SIS hadn’t foreseen any potential problems between the pair. They were both young, enthusiastic and seemingly courageous; and their pasts pointed to similar ambitions. Handsome and hitherto adventurous, Sigfred’s story was almost as dramatic as Sneum’s, despite unremarkable beginnings. He had joined the Royal Lifeguard Regiment in November 1935 but found army life too mundane. So he applied to the Flying School in Vaerloese, where he enrolled on 1 April 1937. All went well until the following year, when his superiors noticed that he had started to cut corners and no longer flew according to the rulebook. Deemed a liability, he was thrown out of the school on 10 September 1938, his military career in tatters. After six months’ unemployment, he went to Germany and found work as a gardener. But he spotted a way to beat the boredom in the middle of January 1940, when he volunteered to become a pilot in the Finno-Russian War. For the next ten weeks he flew for the Finns, although Sneum later insisted that Christophersen had never been involved in any kind of aerial combat during that period. The brief and bloody conflict was over by the end of March 1940, and for Sigfred that signalled another downturn in his fortunes.

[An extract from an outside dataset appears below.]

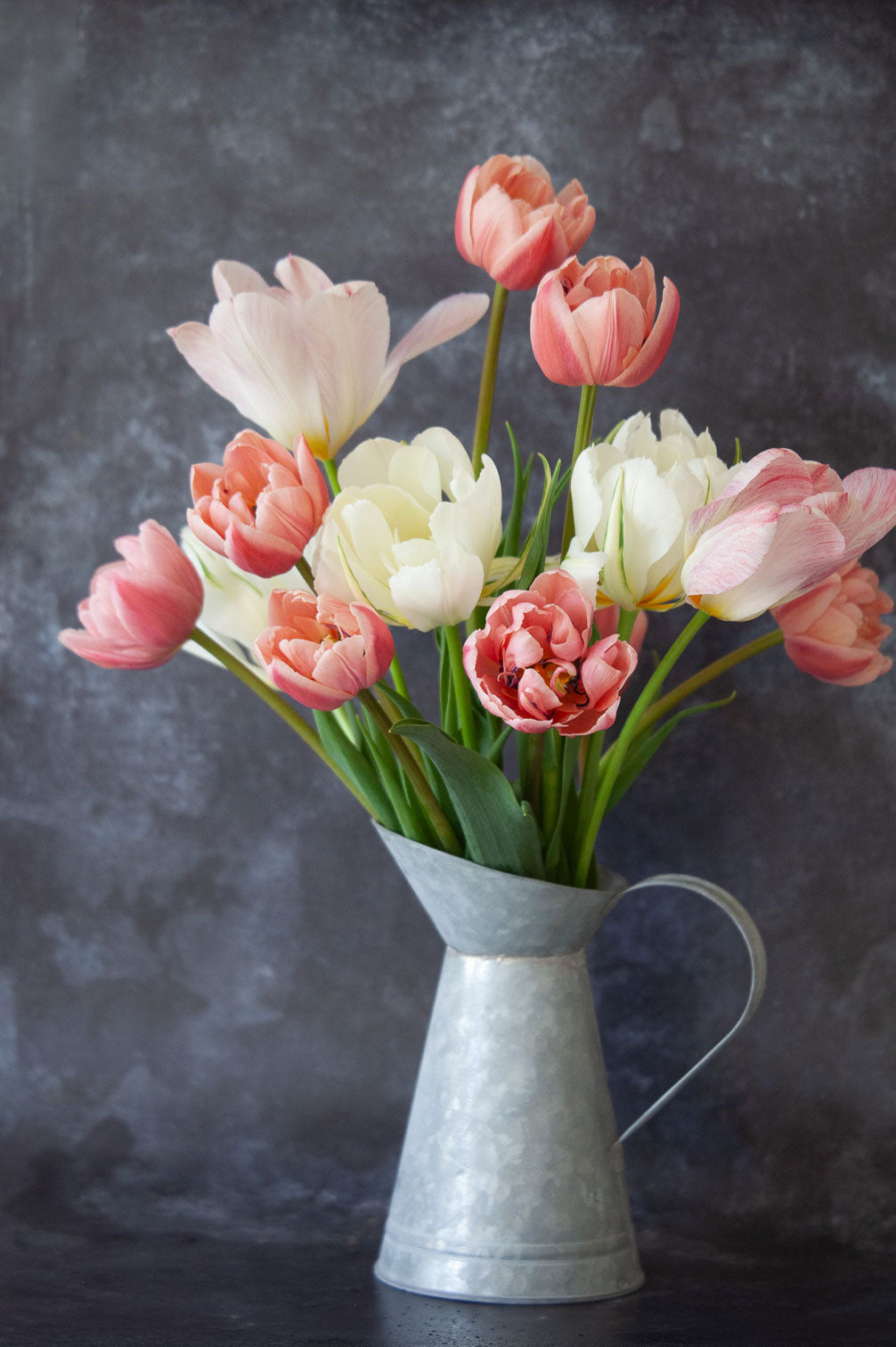 Tulpe "Coral Blush" – 10 Zwiebeln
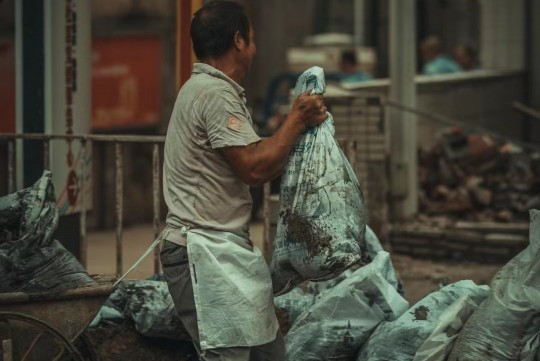 玫瑰新宠，安放有道，解锁最佳养殖位置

He returned to Denmark, only to face a fresh period of unemployment, this time caused by the German invasion. Increasingly desperate, he worked that summer under the occupiers back at Vaerloese airfield. But his conscience was clearly nagging away at him. In mid-October he and two comrades quit their jobs and came up with a brilliant plan to travel to England and serve with the RAF. The trio obtained visas to travel to Turkey on the pretext of buying tobacco there. Five days later, to their own astonishment, they were in Istanbul. Instead of seeking out tobacco merchants, though, they reported directly to the British Air Attaché and volunteered for the RAF. The Air Attaché welcomed the offer and gave the Danes some money for food and lodgings. They were instructed to remain in Istanbul and await further orders. Their patience paid off when, on 10 February 1941, they were told to board a ship. It took them south to the Cape of Good Hope and all theway back north to England, where they arrived on 23 April 1941. Their story was checked at the Royal Patriotic School, just as Sneum’s would be two months later.